I was clearing out my inbox when I made the discovery. I came across an old notification from WordPress that Fr. Pat Moore had posted a new blog. It was the lovely piece that I have reprinted below. As soon as I read it I wanted to read more so I went to the his website and ……

you guessed it…..all gone.

It is apt that this essay is about birth, death and regrowth. Enjoy it.

There has been wonderful moonlight these last few nights. Go to the window in a darkened moonlight night and you see a shadowy reality outside, then turn on the light in the room and the world outside becomes totally dark. I remember John Moriarty making the point that in the same way we can be looking for answers to questions with the wrong search lights. If I want to see the fox passing in the night from my window,the light on in room won’t help. As John said,”It is with that that eclipses God that I seek God .” But God isn’t the fox that passes in the night!

Jim Kennelly tells me that when a kitten is born it’s blind for nine days. In the same way there are inside of all of us, huge awakenings. It’s as if we’re here to wake up as we begin to realise why we are on the planet at all. So that might be why we are here at all. We have to wake up from waking as Jim always says. “When your heart speaks,take notes.”

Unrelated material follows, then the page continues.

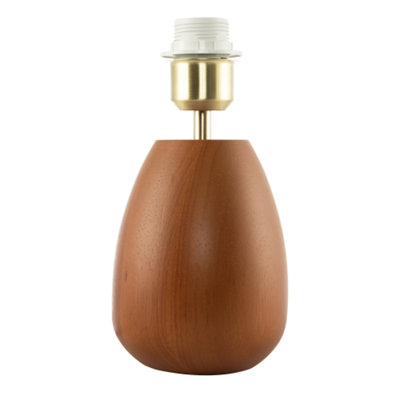 Happy Homewares Chunky Wooden Table Lamp Base With Mahogany Finish With Inline Switch from B&Q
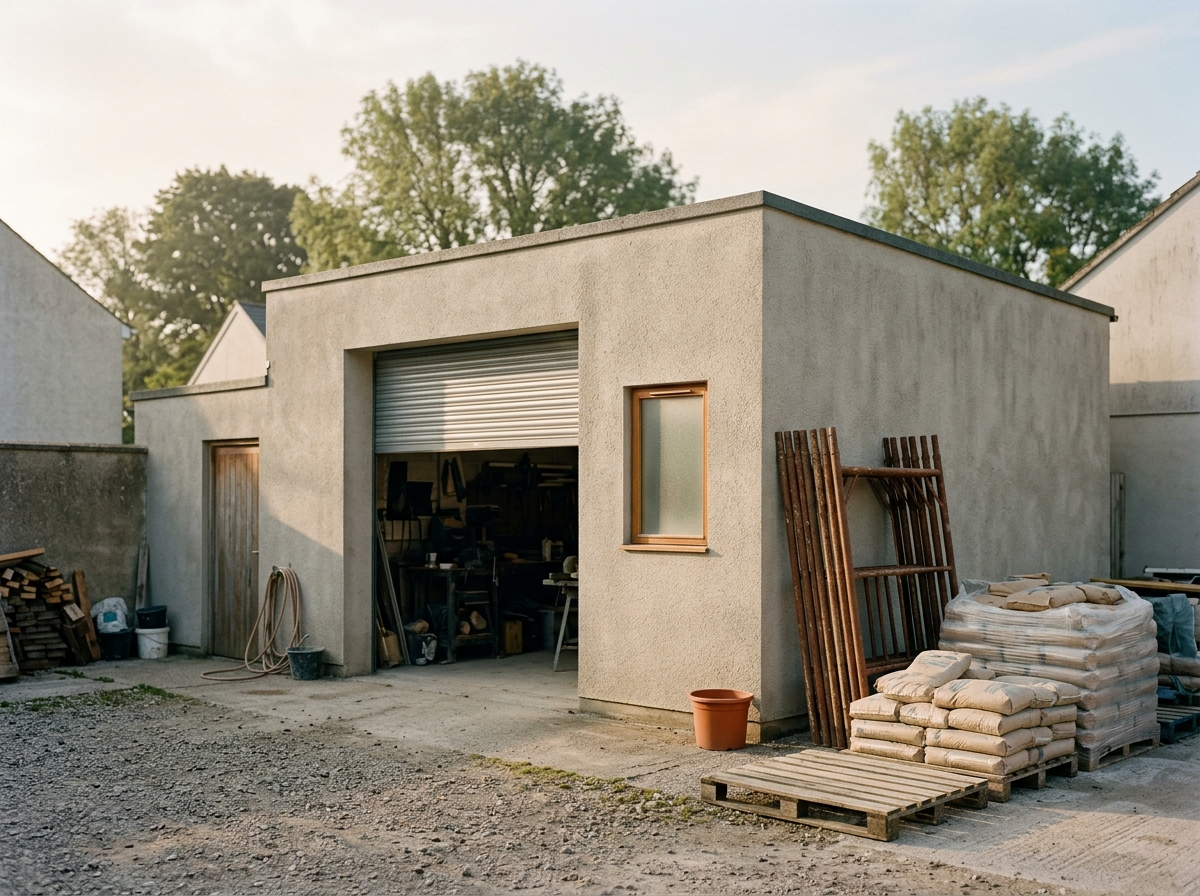 Extérieur de l'atelier : bâtiment enduit, rideau métallique, échafaudages et sacs d'enduit sur palettes.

Over fifty years ago alot of neighbours around here visited the friendly garden centre in Beale, Hannons, where famously they ‘sell every blooming thing.” The Hannon family introduced the countryside to the Asian plant  cordyline. Lots of these plants started to appear down Littor Road. There was one planted in our front garden. It grew over six feet high. Then when we got severe cold weather four years ago alot of the cordyline died, including the one in our garden. This spring when we cleared away the growth seven new trees have grown and are thriving. From the death of the old plant, new life, seven new plants! Is it any wonder Jesus used the image of the seed dying in the earth and from that comes forth new life when he explained the mystery of life?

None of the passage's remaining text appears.